---
name: conference-speaker-scraper
description: >
  Extract speaker names, titles, companies, and bios from conference websites.
  Supports direct HTML scraping and Apify web scraper fallback for JS-heavy sites.
  Use for pre-event research and outreach targeting.
---

# Conference Speaker Scraper

Extract speaker names, titles, companies, and bios from conference website /speakers pages.

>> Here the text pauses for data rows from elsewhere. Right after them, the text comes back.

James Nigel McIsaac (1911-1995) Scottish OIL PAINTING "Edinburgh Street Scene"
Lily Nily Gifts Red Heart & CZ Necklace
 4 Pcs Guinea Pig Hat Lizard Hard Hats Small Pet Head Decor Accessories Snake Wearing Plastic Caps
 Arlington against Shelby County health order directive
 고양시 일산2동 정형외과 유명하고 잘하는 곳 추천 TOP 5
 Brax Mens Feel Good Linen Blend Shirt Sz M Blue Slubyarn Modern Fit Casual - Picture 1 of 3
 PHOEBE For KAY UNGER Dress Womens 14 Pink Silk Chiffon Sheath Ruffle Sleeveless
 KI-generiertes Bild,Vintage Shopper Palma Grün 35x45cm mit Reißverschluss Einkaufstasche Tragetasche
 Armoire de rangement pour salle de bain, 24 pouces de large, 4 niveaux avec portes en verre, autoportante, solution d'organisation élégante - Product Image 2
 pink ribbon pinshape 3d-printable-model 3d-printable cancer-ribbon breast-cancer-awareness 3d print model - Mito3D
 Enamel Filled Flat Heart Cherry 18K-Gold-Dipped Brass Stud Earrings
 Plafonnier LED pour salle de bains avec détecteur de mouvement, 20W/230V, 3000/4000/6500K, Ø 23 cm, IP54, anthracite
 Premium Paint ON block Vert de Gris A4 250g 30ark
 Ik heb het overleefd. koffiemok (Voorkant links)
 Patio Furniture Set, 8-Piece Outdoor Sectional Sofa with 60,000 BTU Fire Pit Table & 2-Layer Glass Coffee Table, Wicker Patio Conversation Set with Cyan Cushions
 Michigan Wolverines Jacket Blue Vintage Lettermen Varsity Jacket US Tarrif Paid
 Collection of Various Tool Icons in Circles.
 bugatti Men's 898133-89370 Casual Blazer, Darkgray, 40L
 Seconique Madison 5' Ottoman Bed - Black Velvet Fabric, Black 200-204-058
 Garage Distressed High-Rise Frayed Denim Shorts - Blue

Supports direct HTML scraping with multiple extraction strategies, plus Apify fallback for JS-heavy sites.

## Quick Start

No API key needed for direct scraping mode.

```bash
# Scrape speakers from a conference page
python3 skills/conference-speaker-scraper/scripts/scrape_speakers.py \
  --url "https://example.com/speakers"

# Use Apify for JS-heavy sites
python3 skills/conference-speaker-scraper/scripts/scrape_speakers.py \
  --url "https://example.com/speakers" --mode apify

# Custom conference name (otherwise inferred from URL)
python3 skills/conference-speaker-scraper/scripts/scrape_speakers.py \
  --url "https://example.com/speakers" --conference "Sage Future 2026"

# Output formats
python3 skills/conference-speaker-scraper/scripts/scrape_speakers.py --url URL --output json     # default
python3 skills/conference-speaker-scraper/scripts/scrape_speakers.py --url URL --output csv
python3 skills/conference-speaker-scraper/scripts/scrape_speakers.py --url URL --output summary
```

## How It Works

### Direct Mode (default)

Fetches the page HTML and tries multiple extraction strategies in order, using whichever returns the most results:

1. **Strategy A -- CSS class hints:** Looks for speaker cards with class names containing "speaker", "presenter", "faculty", "panelist", "team-member"
2. **Strategy B -- Heading + paragraph patterns:** Looks for repeated `<h2>`/`<h3>` + `<p>` structures
3. **Strategy C -- JSON-LD structured data:** Checks for `<script type="application/ld+json">` with speaker data
4. **Strategy D -- Platform embeds:** Detects Sched.com/Sessionize patterns used by many conferences

### Apify Mode

Uses `apify/cheerio-scraper` actor with a custom page function that targets common speaker card selectors. Standard POST/poll/GET dataset pattern.

## CLI Reference

| Flag | Default | Description |
|------|---------|-------------|
| `--url` | *required* | Conference speakers page URL |
| `--conference` | inferred | Conference name (otherwise inferred from URL domain) |
| `--mode` | direct | `direct` (HTML scraping) or `apify` (Apify cheerio scraper) |
| `--output` | json | Output format: `json`, `csv`, or `summary` |
| `--token` | env var | Apify token (only needed for apify mode) |
| `--timeout` | 300 | Max seconds for Apify run |

## Output Schema

```json
{
  "name": "Jane Smith",
  "title": "VP of Finance",
  "company": "Acme Corp",
  "bio": "Jane leads the finance transformation at...",
  "linkedin_url": "https://linkedin.com/in/janesmith",
  "image_url": "https://...",
  "conference": "Sage Future 2026",
  "source_url": "https://sagefuture2026.com/speakers"
}
```

## Cost

- **Direct mode:** Free (no API, no tokens)
- **Apify mode:** Uses `apify/cheerio-scraper` -- minimal Apify credits

## Testing Notes

HTML scraping is inherently fragile across conference sites. The multi-strategy approach maximizes coverage, but JS-heavy sites will require Apify mode. When direct scraping returns 0 results, try `--mode apify`.